Bonjour les amis,
J'ai vu pour vous (et pour moi) cette semaine IL TRADITORE le dernier film de Marco Bellocchio qui a été présenté à Cannes et dont voici le synopsis.
Au début des années 1980, la guerre entre les parrains de la mafia sicilienne est à son comble. Tommaso Buscetta, membre de Cosa Nostra, fuit son pays pour se cacher au Brésil. Pendant ce temps, en Italie, les règlements de comptes s'enchaînent, et les proches de Buscetta sont assassinés les uns après les autres. Arrêté par la police brésilienne puis extradé, Buscetta, prend une décision qui va changer l'histoire de la mafia : rencontrer le juge Falcone et trahir le serment fait à Cosa Nostra.
Ce film est une grande fresque de 2 heures et 40 minutes qui est conçue comme un opéra en 3 actes qui se déroule en Sicile, au Brésil, à Rome et aux Etats-Unis.
Bellocchio évite soigneusement de faire de Buscetta un héros ou un mythe mais le spectateur ne peut-être que fasciné par son caractère puissant, par la cruauté des dilemmes qu'il doit résoudre et par sa métamorphose au cours du film.
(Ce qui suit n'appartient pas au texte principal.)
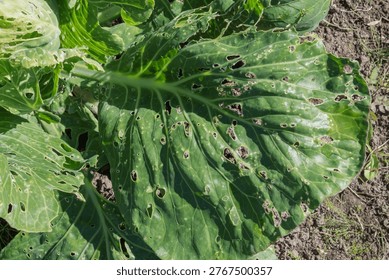 Close-up leaf of cabbage with tiny holes, showing extensive pest damage, indicating heavy insect activity and herbivory.
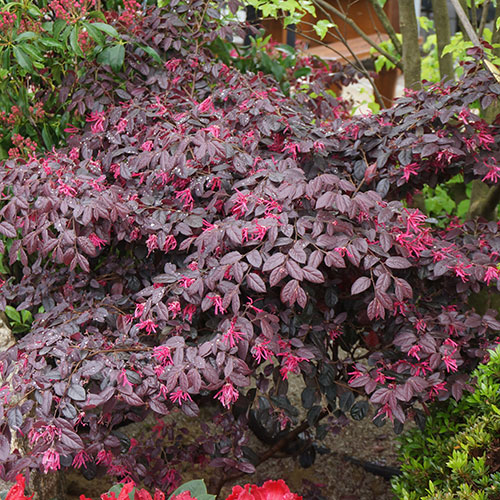 Loropetalum Black Pearl Chinese Witch Hazel Loropetalum Black Pearl Chinese Witch Hazel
L'histoire est très bien racontée et même s'il y a de nombreux personnages le spectateur ne s'y perd pas.
La réalisation est académique mais réserve de nombreux passages oniriques, flamboyants et lyriques qui nous rappellent qu'on a affaire à un très grand metteur en scène : la fête d'ouverture censée sceller la paix entre clans, l'attentat contre le juge Giovanni Falcone, le face-à-face judiciaire de Buscetta avec l'un de ses comparses, un cauchemar de Buscetta, le final qui nous remet en perspective toute cette trajectoire...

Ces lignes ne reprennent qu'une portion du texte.